Matteo Brega, La Gazzetta dello Sport 25/4/2015, 25 aprile 2015
PARMA ULTIMO ATTO. MIRANTE: «SI LOTTA FINO ALLA FINE»
Quando Roberto Donadoni apre la porta della sala riunioni di Collecchio e butta uno sguardo, sgrana gli occhi. «Antonio, ma sei ancora qui?». Sono 40 minuti abbondanti che Mirante spiega il suo pensiero su tutto. Lo fa per la prima volta in stagione proprio ora che la retrocessione potrebbe diventare aritmetica. In caso di mancata vittoria contro il Palermo, oggi il Parma scivolerebbe in serie B se l’Atalanta dovesse vincere. Parla poco e per questo anche Mattia Cassani, quando i compagni entrano per la riunione, lo scherza «Antonio, ma è un’intervista economica?».
Mirante, perché ha scelto di non parlare finora?
«Sarebbe stato come sparare sulla Croce Rossa. Quello che hanno fatto al Parma non è da uomini».
Che cosa ha imparato?
«A non credere sempre a tutto quello che ti viene detto. E ho riscoperto valori che a volte vengono sopraffatti dalla materialità della quotidianità».
I giocatori sono parte lesa, ma gli altri dipendenti sono ancor di più la parte debole. Non crede?
«Vero, noi abbiamo dato la forza anche a loro, abbiamo avuto l’occasione di farlo per aiutarli a credere in un futuro».
Ha mai pensato di smettere?
«Ti viene la nausea, ti manca il divertimento del campo, ma non ho mai pensato di smettere».
E di lasciare il Parma?
«Potevo andare via a inizio stagione, ma ho preso un impegno e voglio portarlo a termine».
Qual è il futuro del club?
«Non sappiamo se c’è un futuro, non abbiamo certezze. E ciò crea malumori e sconforto. Ma ci siamo rafforzati tra di noi».
E’ tornato il sorriso?
«Sì, l’atmosfera è cambiata. Prima sentivamo mancarci la terra sotto i piedi, adesso lavoriamo con il sorriso e sentiamo meno la fatica».
Vi hanno pignorato un po’ di tutto, si è sentito come tornare indietro alle prime società in cui ha giocato?
«Ho capito cosa hanno provato i miei colleghi delle serie minori…».
E se pensa ai suoi inizi?
«Mi guardo le ginocchia e le cicatrici mi ricordano i campetti in terra battuta dove ho iniziato con il Club Napoli di Castellammare di Stabia».
E’ sempre stato portiere?
«Sì, ero veramente scarso fuori, ho provato a fare l’attaccante ma alla fine mi mettevano in porta».
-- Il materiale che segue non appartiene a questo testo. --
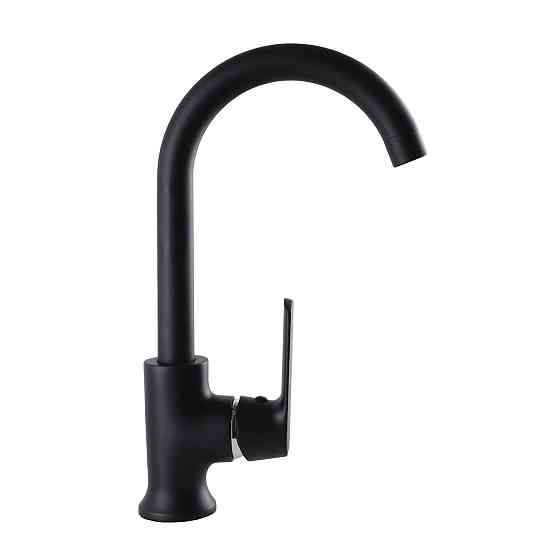 Змішувач для кухні Globus Lux Laguna GLA-0203SL-10-BB Луцьк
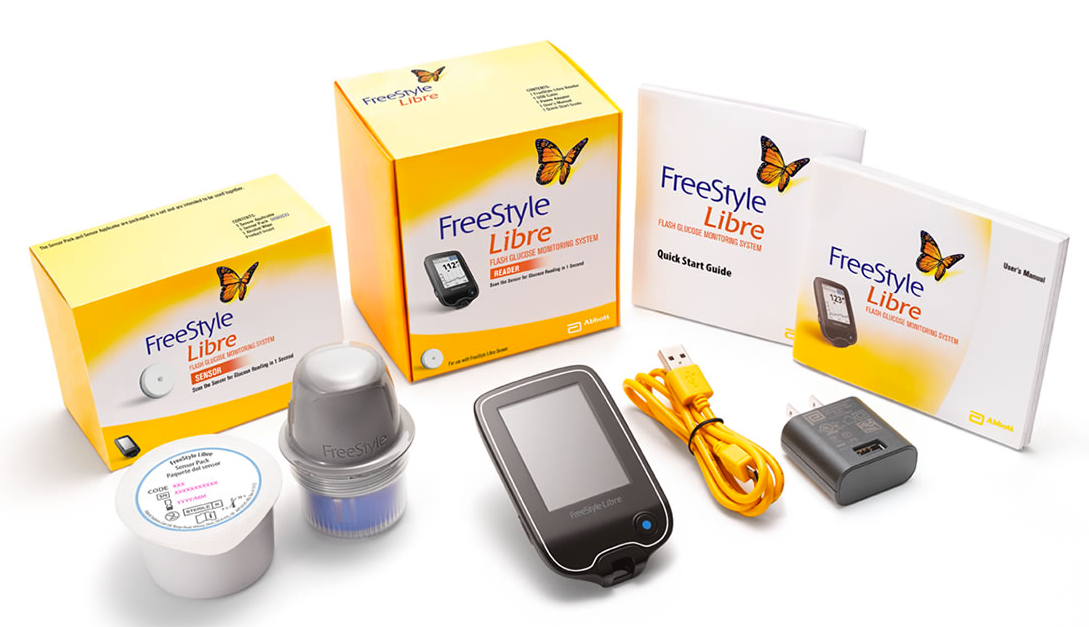 Freestyle Libre : autosurveillance de la glycémie sans piqûre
Sempre affezionato alla Juve Stabia?
«Sempre, appena posso vado a vedere una partita con i miei. Speriamo nei playoff per tornare in B».
Come gestisce il suo tempo libero?
«Ho provato con il golf, sport ideale per rilassarsi. Ma ero un palo: in campo è il mio migliore amico, ma sul green non va mica bene… Quindi ho virato sulla console. Mi piace fare il deejay. Musica pesante, techno».
Saranno felici i suoi vicini di casa…
«Vivo in centro, cambierò casa (ride, ndr). Abbiate pazienza un paio di mesi, la stagione sta finendo».
Anche il cane se n’è andato?
«Hugo, un bulldog inglese, l’ho portato dai miei. Volevo stare solo a casa in questo periodo. Così potevo sbattere la testa contro il muro tranquillamente…».
Come si passa dall’accarezzare il sogno Mondiale all’ultimo posto in A da falliti?
«Serve forza di volontà e la fortuna di lavorare con persone vere».
Cosa si aspetta dalle ultime 7 gare?
«Tutti sanno che pensiamo solo al campo ormai. Prima non ci riuscivamo e c’è il rammarico per i punti lasciati indietro».
Il 10 maggio arriva il Napoli, ultima sfida casalinga contro una grande.
«E’ sempre particolare affrontarlo per me. Mi auguro che vadano in Champions e che si giochino l’Europa League fino alla fine. La piazza se lo merita».
La gioia sportiva più grande di quest’anno è la vittoria con la Juve?
«Sì, gioia e vanto allo stesso tempo dopo un’annata così».
In sintesi, come si sente ora?
«Forgiato e logorato. Ma andiamo avanti. A testa alta, sempre».